*Dataset section*:

........

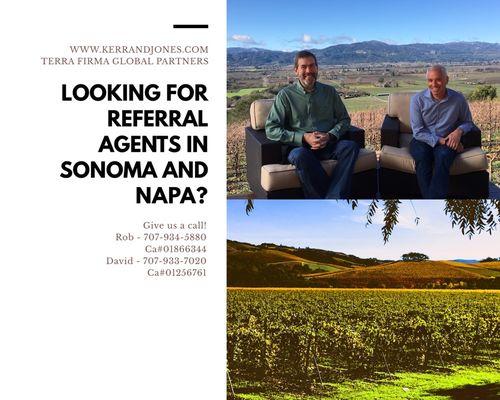 Need a real estate agent in Sonoma or Napa?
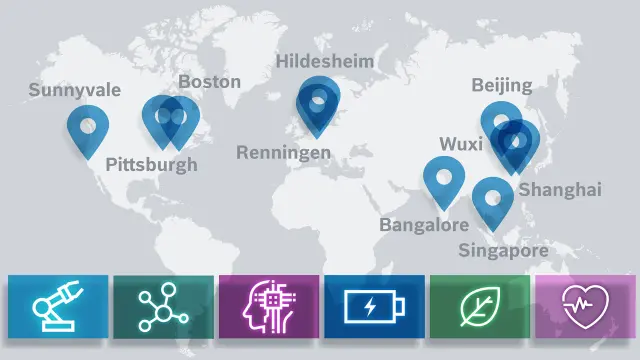 On the world map, there are pins in the various countries where Bosch Research sites are located.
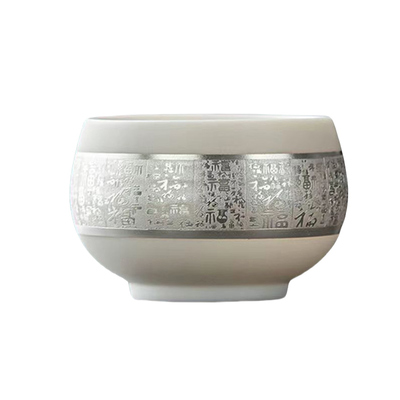 敦煌羊脂玉瓷百福杯顺顺杯鎏金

........

*Prompt*: Copy exactly, and only, the lines from the line containing "On the world" through the final line of the material above, with no pictures.

*Solution to this problem*:
 On the world map, there are pins in the various countries where Bosch Research sites are located.
 敦煌羊脂玉瓷百福杯顺顺杯鎏金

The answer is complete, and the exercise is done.